Charities ‘failing to use tech to boost donations’

CAF’s latest survey of charity leaders reveals concerns that the sector is not effectively harnessing the power of technology to increase giving.

Joe Lepper | 8th Apr 19
Image shows charity fundraising box next to a laptop

Investing in technology is a top priority for almost nine out of ten charities, but too many are failing to use tech and digital innovations to boost donations, a survey has found.

The Charities Aid Foundation (CAF)’s Charity Landscape survey asked charity leaders key questions about the sector. This found that 87% have either already ensured IT investment is a priority or are planning to do so in the next 12 months. This is up on the findings of last year’s survey, where 83% had already or were planning to invest in IT.

The survey also found that 59% say their charity is using new technology and social media effectively, but only 29% believe charities are using tech effectively to increase giving.

Technology’s double-edged sword

Charity leaders also have mixed feelings about the benefits of new technology. While almost all who were surveyed said technology will help them innovate and find new ways to do good, nearly three quarters believe that technology will change the nature of the problems charities have to address.

A strong social media presence is seen as important for almost all charity leaders surveyed, with 95% having already or are planning to increase their social media work.

However, only 45% said their charity has a strategy in place for dealing with technological change, which drops to 38% among small charities.
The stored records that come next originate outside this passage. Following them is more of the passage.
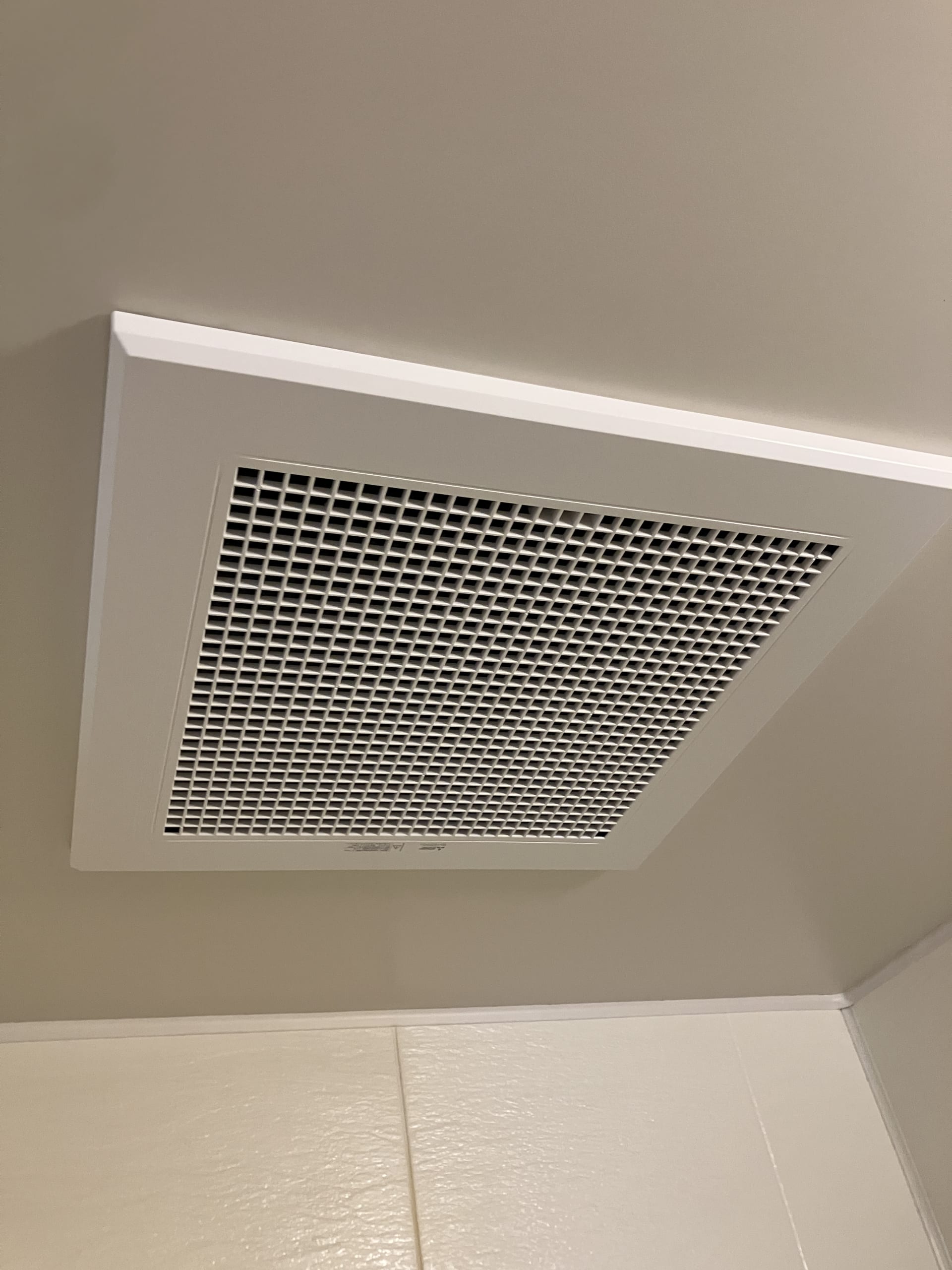 老朽化により騒音になっていた換気扇交換🛠️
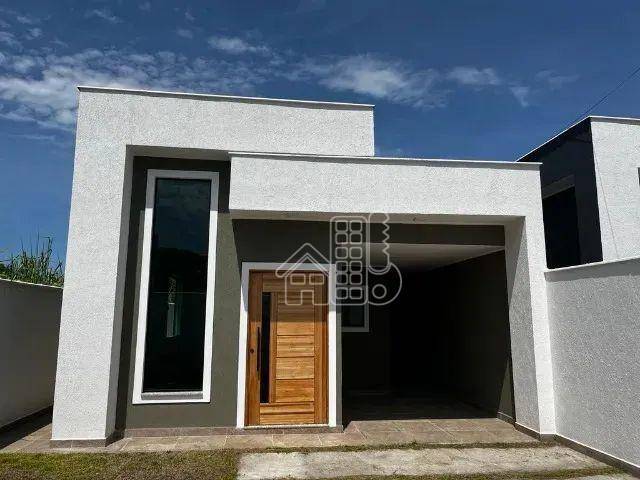 Casa com 3 quartos à venda, 132 m² por R$ 630.000 - Itaipuaçu - Maricá/RJ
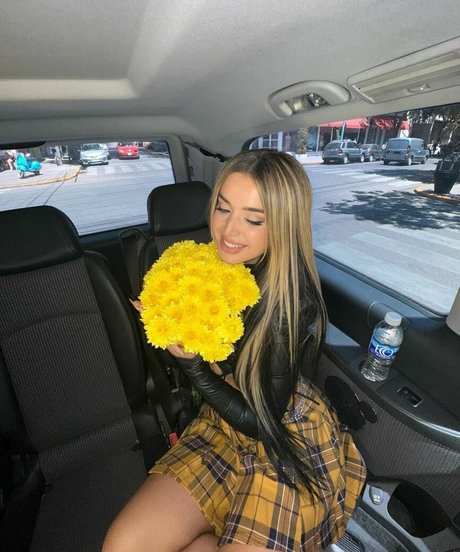 アラブ人妻オンリーファンズ 無料 写真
CAF is urging charities to ensure they are at the centre of technological change and embrace the role of tech in their organisations.

They should “seek out passionate employees and leaders to help demonstrate the potential for charities and those developing new technologies to work together,” states a CAF report into the Charity Landscape survey’s findings.

CAF also wants the government to ensure that chairities are brought into debates about the future of technology, in particular to ensure tech and digital is developed and implemented ethically.

Brexit another top concern

The Charity Landscape survey also found that Brexit is a major concern, with most charity leaders believing it will have a negative effect on their organisation and beneficiaries.

Funding is another worry, with generating income a top challenge for 59% of charity leaders.

“All organisations are operating in a difficult political and social landscape at the moment; the charity sector is no exception to this,” said Susan Pinkney, CAF Head of Research.

“Charity leaders have spoken with a united and clear voice, emphasising several key points. They are fearful of the impact that Brexit will have, for example on staff retention and the ongoing funding that allows them to provide services for those who need them.”

“Despite this, there are reasons to be optimistic. 87% of charity leaders are investing in technological innovation in order to meet the evolving needs of their beneficiaries, reflecting a strong desire to plan ahead for the future.”